In addition to dealing with deforestation in the temperate world, Williams extensively discusses tropical regions. He describes the varied ways in which over 222 million trees disappeared from the tropical world, particularly in southern and southeastern Asia from 1750 to 1920. To make this argument, he analyzes the impact of indigenous uses of forests, including shifting and permanent agriculture, grazing, and burning, as well as capitalist penetration and colonial consolidation that led to the use of tick forests, railways, plantation, and commercial farming. In terms of India, deforestation issues take on a diverse socioeconomic dimension. Williams discusses in some detail the relationship between clearing and rainfall, famine, and health in India along with famine policy in response to shortages. Brazil receives considerable focus, but developments in mainland and insular Southeast Asia receive less attention although clearing took place to a considerable extent there as well.
Part 3 narrates developments in the twentieth century. The devotion of an entire part of Williams's book for only one century speaks of the scale of deforestation during this period. The first half of the twentieth century saw deforestation to a colossal extent due to the rise of industrialization and the feeding of war machines during and in the wake of the two world wars. But, as Williams observes, the scale of devastation in the first half of the century "was to be nothing" compared to what happened later (p. 356). Currently, forty-four thousand square kilometers of tropical forest is logged annually and largely destroyed in the context of poverty, industrialization, technological development, demographic pressure, and commercial activities.

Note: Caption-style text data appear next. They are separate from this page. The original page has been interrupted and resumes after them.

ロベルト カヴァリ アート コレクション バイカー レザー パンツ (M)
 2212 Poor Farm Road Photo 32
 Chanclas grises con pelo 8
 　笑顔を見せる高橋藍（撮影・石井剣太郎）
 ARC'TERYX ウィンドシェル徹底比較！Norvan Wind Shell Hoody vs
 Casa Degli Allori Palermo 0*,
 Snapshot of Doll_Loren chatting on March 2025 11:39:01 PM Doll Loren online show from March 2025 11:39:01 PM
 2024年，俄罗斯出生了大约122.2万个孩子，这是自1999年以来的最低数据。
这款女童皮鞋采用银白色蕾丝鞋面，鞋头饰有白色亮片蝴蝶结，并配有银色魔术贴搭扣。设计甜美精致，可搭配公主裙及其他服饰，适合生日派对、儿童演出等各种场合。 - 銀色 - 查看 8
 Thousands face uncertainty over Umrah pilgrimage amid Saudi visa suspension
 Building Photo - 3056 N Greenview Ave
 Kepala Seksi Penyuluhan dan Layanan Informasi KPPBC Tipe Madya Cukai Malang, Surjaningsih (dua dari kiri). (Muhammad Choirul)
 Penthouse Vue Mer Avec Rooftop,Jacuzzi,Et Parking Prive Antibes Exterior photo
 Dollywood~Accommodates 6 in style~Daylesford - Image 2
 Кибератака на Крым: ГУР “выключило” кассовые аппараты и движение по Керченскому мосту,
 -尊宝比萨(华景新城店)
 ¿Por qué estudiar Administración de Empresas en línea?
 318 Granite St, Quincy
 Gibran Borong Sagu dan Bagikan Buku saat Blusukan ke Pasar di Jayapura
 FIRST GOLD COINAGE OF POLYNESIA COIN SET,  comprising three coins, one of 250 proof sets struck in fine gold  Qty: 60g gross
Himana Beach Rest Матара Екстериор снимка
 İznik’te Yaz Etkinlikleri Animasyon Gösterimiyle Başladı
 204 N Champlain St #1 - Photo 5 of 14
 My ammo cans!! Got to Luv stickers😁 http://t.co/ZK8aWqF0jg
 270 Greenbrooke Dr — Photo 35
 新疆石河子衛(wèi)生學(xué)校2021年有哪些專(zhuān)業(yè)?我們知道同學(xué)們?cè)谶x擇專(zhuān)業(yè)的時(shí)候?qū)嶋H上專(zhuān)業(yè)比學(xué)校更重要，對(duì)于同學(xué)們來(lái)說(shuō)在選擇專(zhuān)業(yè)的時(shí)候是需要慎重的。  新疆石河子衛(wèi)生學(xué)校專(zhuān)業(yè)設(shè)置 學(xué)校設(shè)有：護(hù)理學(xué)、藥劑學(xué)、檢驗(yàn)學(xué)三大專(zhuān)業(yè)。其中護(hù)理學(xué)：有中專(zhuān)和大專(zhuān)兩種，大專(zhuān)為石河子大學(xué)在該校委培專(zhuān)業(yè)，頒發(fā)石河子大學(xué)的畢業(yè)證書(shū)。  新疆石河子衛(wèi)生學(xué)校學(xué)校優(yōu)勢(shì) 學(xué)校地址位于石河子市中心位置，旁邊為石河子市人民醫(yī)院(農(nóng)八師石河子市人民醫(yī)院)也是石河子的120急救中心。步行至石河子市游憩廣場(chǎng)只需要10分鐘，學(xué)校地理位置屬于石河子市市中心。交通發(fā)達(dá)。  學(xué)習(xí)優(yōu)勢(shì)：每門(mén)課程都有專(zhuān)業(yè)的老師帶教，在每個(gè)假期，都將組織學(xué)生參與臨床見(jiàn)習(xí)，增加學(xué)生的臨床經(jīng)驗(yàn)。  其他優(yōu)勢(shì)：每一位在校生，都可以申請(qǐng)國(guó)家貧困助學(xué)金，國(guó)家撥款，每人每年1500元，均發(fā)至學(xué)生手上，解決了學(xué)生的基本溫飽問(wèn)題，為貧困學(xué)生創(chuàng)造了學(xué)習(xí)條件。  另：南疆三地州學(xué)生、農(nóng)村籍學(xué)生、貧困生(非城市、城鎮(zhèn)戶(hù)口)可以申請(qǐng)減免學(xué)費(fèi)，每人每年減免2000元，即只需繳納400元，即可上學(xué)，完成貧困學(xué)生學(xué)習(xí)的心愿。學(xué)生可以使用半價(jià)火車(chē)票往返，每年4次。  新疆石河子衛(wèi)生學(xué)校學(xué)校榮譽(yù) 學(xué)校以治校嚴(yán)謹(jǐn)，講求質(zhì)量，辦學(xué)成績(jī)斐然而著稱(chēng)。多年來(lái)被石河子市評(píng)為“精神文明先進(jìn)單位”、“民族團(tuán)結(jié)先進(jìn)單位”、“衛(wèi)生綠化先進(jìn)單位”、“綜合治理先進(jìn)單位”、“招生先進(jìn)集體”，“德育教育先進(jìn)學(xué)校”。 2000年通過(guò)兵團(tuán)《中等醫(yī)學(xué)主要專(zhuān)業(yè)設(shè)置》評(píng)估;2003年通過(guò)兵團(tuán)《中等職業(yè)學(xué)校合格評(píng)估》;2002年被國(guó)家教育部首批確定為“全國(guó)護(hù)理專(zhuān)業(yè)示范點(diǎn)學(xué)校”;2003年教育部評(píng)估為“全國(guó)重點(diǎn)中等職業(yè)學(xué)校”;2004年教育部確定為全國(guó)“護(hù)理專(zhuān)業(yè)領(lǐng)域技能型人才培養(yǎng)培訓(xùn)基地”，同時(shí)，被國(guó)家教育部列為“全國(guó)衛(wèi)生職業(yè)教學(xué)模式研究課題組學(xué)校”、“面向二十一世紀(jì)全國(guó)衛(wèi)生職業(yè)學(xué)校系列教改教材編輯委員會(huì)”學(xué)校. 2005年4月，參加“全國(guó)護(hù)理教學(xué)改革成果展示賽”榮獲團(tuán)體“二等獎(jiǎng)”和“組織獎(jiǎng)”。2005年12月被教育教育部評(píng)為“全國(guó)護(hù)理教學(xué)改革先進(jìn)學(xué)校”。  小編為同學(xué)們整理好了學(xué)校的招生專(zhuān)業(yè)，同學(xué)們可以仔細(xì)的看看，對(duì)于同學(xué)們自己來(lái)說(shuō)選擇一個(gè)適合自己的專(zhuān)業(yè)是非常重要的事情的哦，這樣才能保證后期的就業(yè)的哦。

Besides digging into numerous causes of deforestation, Williams engages two broader issues: intellectual perceptions of the forest and the political economy of global forest resources in a given relationship of power and dependency. Examining intellectual perceptions of the forest in different phases of history, Williams notes that from the classical world to the early nineteenth century the mainstream intellectual current generally was biased against the forest. The anthropocentric materialism of Theophrastus and Marcus Tullius Cicero in classical times and the sixteenth-century idea of the human being as God's viceroy, implying man's supremacy over God's creation, remained tied to the idea of progress and civilization as coincidental to deforestation. Even Francis Bacon and Rene Descartes, believers in science and technology, believed in the superiority of man over nature. Throughout the nineteenth century, at a time when industrialization-induced large-scale deforestation took place, the idea of human entitlement to dominate nature continued unabated, although warnings by Thomas Robert Malthus, John Lorain, George P. Marsh (who insisted on the total forest ecosystem), Henry David Thoreau and Ralph Waldo Emerson (who advanced the idea of love of wood) helped turn attention to preservation to some extent. But it was not until the early twentieth century, particularly the second half of the century at a time when the impact of climatic changes brought home the idea that the existence of the human race was at stake, that issues of deforestation and conservation were given significant attention in environmental discourses. The back was against the wall everywhere, and this sense of collective vulnerability, which was greatly linked to deforestation, resulted in conservation discourses that turned increasingly global rather than local or national.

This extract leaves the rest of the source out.